**About this exercise**
The lines below from the one with "Hello! Welcome to" up to and including the one with "Before we begin, I" are what you should set down, exactly and without pictures.

**Data under study**
---------------
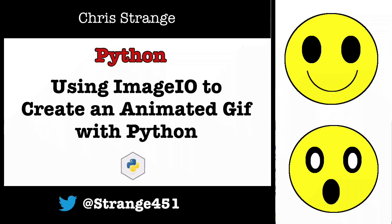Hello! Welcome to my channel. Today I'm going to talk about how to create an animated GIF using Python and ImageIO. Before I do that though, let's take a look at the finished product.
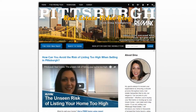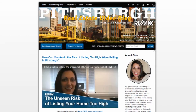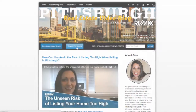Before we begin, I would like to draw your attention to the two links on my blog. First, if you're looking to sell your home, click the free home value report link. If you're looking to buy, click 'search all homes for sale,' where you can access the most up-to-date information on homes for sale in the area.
---------------
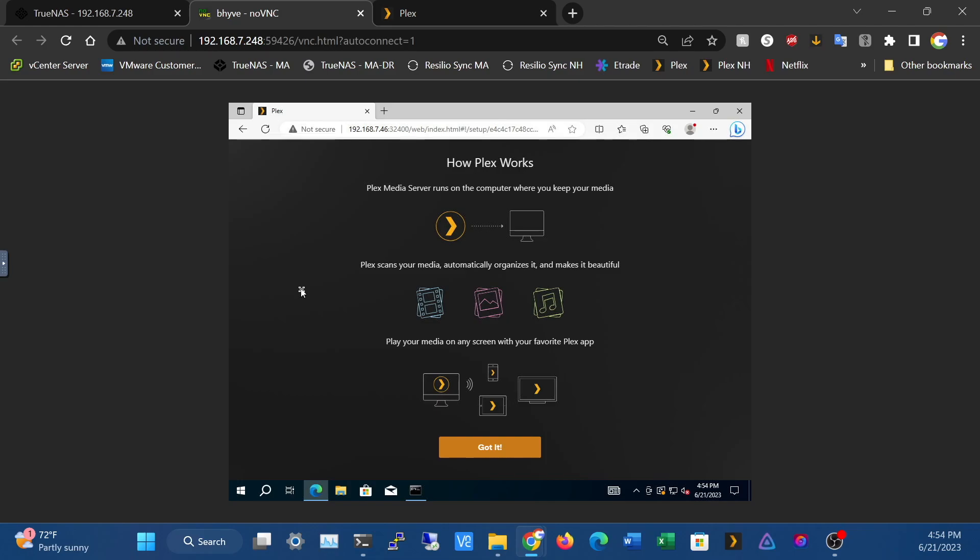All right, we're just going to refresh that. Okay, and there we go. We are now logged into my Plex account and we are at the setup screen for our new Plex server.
---------------
**Problem solution**
Hello! Welcome to my channel. Today I'm going to talk about how to create an animated GIF using Python and ImageIO. Before I do that though, let's take a look at the finished product.
Before we begin, I would like to draw your attention to the two links on my blog. First, if you're looking to sell your home, click the free home value report link. If you're looking to buy, click 'search all homes for sale,' where you can access the most up-to-date information on homes for sale in the area.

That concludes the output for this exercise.